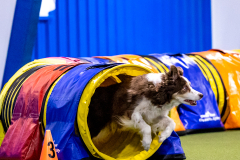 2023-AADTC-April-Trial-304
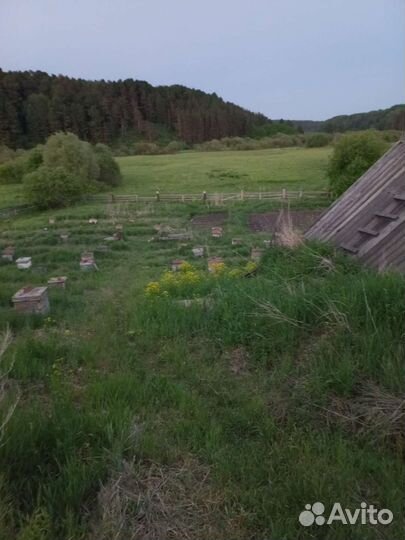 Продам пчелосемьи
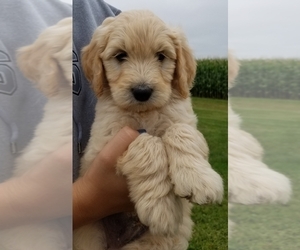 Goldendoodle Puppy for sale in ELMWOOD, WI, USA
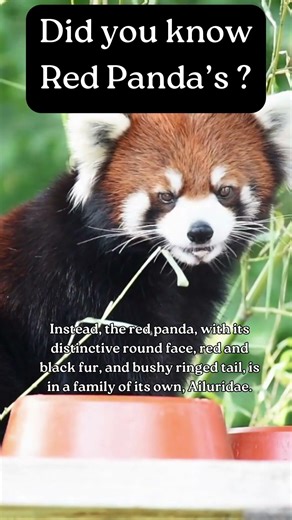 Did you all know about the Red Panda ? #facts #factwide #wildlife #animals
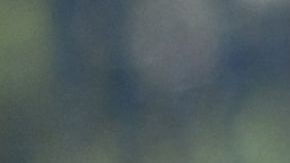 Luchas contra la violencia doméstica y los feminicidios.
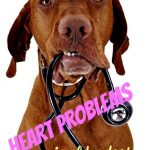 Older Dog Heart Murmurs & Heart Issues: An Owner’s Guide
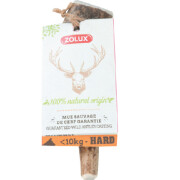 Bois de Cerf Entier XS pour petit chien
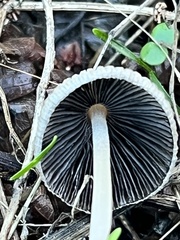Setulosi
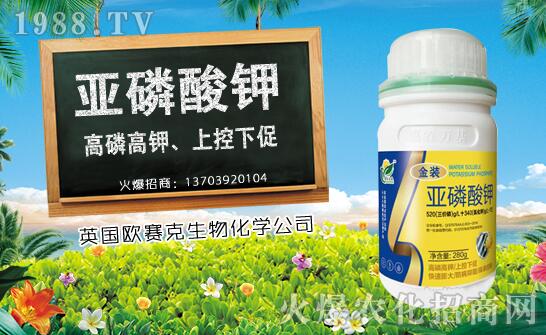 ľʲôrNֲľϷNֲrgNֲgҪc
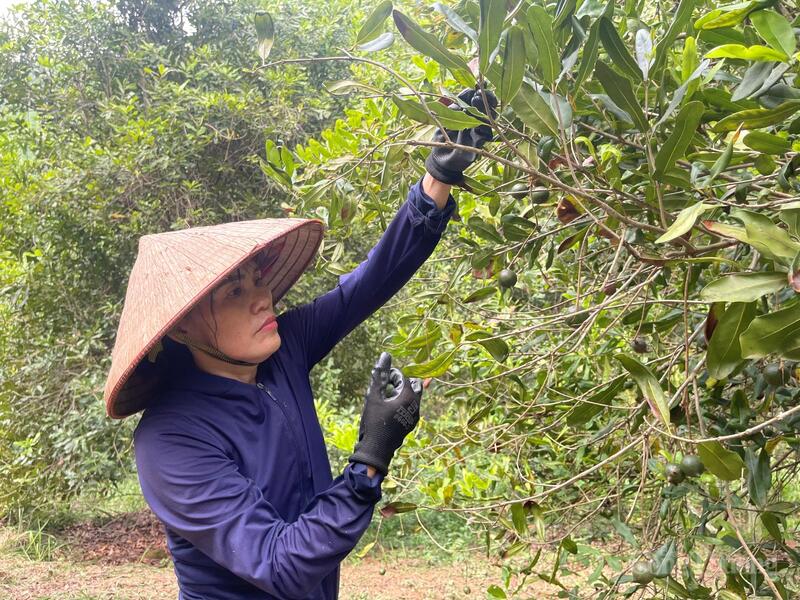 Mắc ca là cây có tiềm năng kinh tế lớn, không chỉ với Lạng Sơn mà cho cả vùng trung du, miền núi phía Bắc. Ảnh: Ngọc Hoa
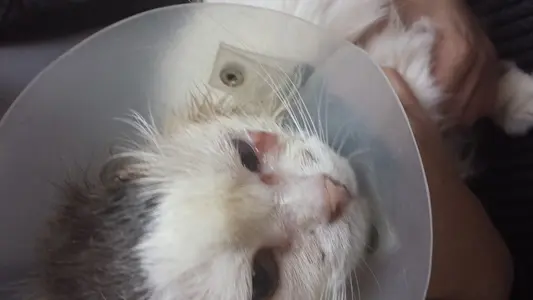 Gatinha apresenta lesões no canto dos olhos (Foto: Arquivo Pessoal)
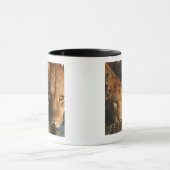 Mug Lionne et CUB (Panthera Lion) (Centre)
################
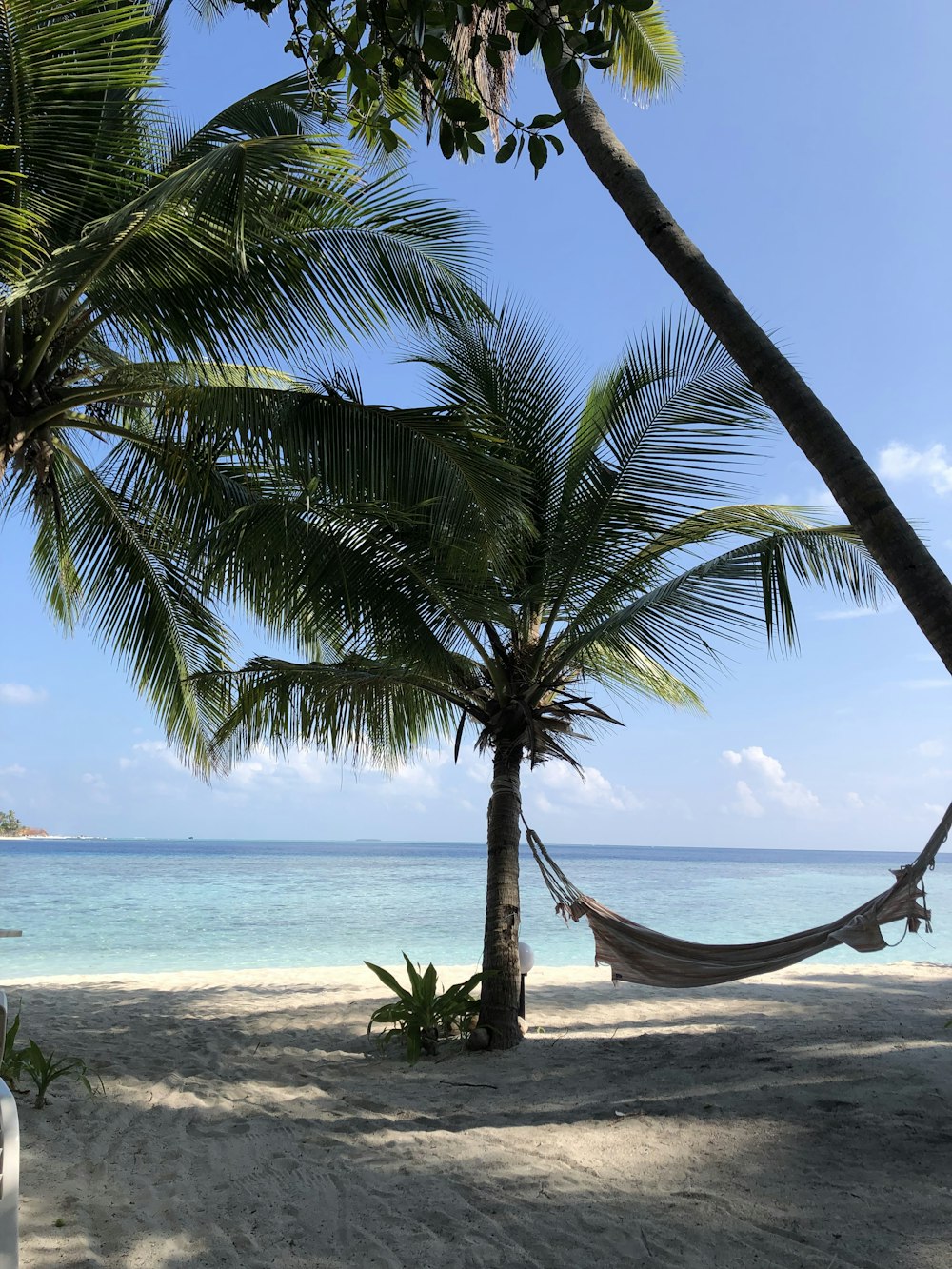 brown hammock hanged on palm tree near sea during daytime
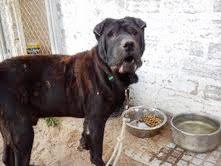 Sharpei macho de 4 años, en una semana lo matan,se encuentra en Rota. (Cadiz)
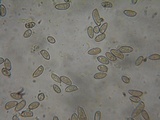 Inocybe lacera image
################
◆ **Task**
In the data above, retype only the stretch from the line with "brown hammock hanged" through the line with "Inocybe lacera image", word for word, and skip any pictures.

◆ **Result for this task**
 brown hammock hanged on palm tree near sea during daytime
 Sharpei macho de 4 años, en una semana lo matan,se encuentra en Rota. (Cadiz)
 Inocybe lacera image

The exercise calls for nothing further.